¿No será que soñamos mientras vivimos? ¿Será la vida un sueño y los sueños apenas reflejos pálidos de una vida que se nos escurre como el agua entre los dedos? ¿No será el ansia de pervivir que anidamos en lo más profundo de nuestro ser un proyecto, deseo o esperanza, sin probabilidad de realizarse? Al menos en esta vida. Que no es de ninguna manera una ficción, porque sabemos que gozamos y sabemos que sufrimos.
Y es que cuando se repara en esta vida acelerada en extremo, se siente en seguida la fugacidad del tiempo, de los días vividos, incluso de los propios sentimientos. Atrás quedan escenas y personas, que el tiempo devora, devorando asimismo nuestros recuerdos, con el beneplácito o no de nuestra selectiva memoria. Y entonces se manifiestan dudas y temores, e interrogantes que nos atenazan y son causa de todas nuestras zozobras, o al menos de buena parte de ellas: ¿Qué ha sido real? ¿Qué he sentido? ¿Qué he pensado? ¿Dónde han ido mis sentimientos? ¿Dónde han ido mis muertos? ¿Dónde iré yo? ¿Qué estoy haciendo? ¿Qué soy? ¿Para qué sirve todo lo que soy y he hecho? Y con Bécquer, repetimos:
Al brillar un relámpago nacemos, y aún dura su fulgor cuando morimos, ¡Tan corto es el vivir! La gloria y el amor tras que corremos, sombras de un sueño son que perseguimos.

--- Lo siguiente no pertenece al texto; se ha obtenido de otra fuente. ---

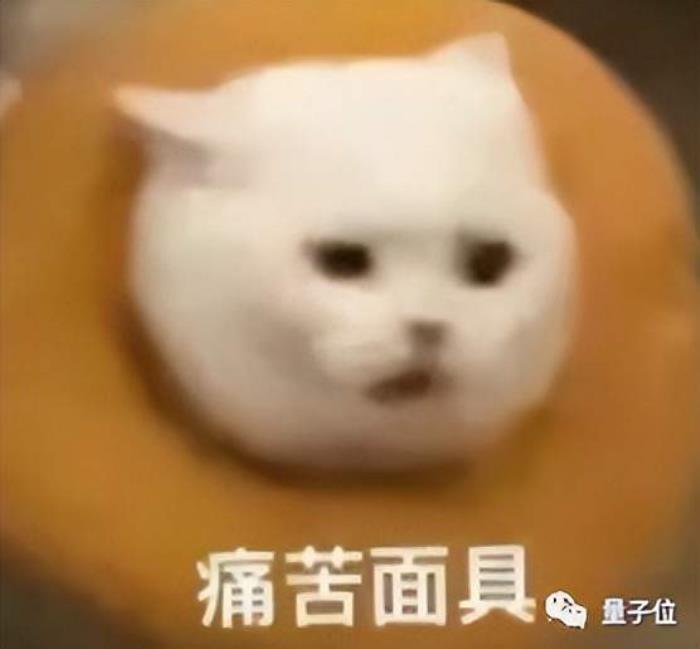 如果没有AI算力,大模型这场战役我们可能胜不了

De idéntica forma ocurre con todo lo que afecta al hombre, que resulta caduco y por tanto fugaz. Es una tensión entre la realidad palpable y el mundo cognoscible, por un lado, y la sensación de precariedad y fantasía que al mismo tiempo impregna ese mundo y esa realidad, por otro. De modo que no parece oportuno perder el tiempo con aquello que es fútil y banal. Puesto que, ciertamente, la vida es un frenesí y una ilusión, «una sombra, una ficción, y el mayor bien es pequeño: que toda la vida es sueño, y los sueños, sueños son».